TASK TO CARRY OUT: Please repeat the lines below, exactly and only, from the one that holds "Contemporary corridor in warm light" through the one that holds "Cinturón de Cuero".

ENTRIES SHOWN Start Marker

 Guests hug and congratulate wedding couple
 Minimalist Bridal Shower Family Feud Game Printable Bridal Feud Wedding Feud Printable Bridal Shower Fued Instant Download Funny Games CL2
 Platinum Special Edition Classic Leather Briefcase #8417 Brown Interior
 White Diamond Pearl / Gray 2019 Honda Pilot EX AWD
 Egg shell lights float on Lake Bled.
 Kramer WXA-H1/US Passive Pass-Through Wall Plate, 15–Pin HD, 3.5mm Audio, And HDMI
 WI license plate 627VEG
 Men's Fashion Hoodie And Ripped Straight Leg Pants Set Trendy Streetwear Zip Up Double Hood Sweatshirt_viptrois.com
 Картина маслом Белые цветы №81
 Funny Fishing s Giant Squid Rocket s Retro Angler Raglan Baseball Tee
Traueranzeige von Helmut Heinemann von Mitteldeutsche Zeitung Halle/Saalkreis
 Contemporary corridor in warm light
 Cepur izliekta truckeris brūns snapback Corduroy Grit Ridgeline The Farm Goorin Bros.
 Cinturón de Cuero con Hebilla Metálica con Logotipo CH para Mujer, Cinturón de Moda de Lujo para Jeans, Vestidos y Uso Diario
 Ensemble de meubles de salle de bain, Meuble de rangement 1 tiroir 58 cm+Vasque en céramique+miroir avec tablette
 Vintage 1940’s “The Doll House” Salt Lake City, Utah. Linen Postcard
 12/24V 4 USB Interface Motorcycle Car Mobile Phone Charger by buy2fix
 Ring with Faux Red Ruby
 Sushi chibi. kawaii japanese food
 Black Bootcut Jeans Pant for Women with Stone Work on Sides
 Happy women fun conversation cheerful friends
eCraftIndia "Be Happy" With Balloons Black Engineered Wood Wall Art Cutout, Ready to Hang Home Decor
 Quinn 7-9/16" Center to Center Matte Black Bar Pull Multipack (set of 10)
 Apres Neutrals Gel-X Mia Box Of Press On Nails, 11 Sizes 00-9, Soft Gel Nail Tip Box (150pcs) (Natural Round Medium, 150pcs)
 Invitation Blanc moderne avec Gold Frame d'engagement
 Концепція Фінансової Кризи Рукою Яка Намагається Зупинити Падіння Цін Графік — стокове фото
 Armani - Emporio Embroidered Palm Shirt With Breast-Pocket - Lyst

ENTRIES SHOWN End Marker

ANSWER AREA:
 Contemporary corridor in warm light
 Cepur izliekta truckeris brūns snapback Corduroy Grit Ridgeline The Farm Goorin Bros.
 Cinturón de Cuero con Hebilla Metálica con Logotipo CH para Mujer, Cinturón de Moda de Lujo para Jeans, Vestidos y Uso Diario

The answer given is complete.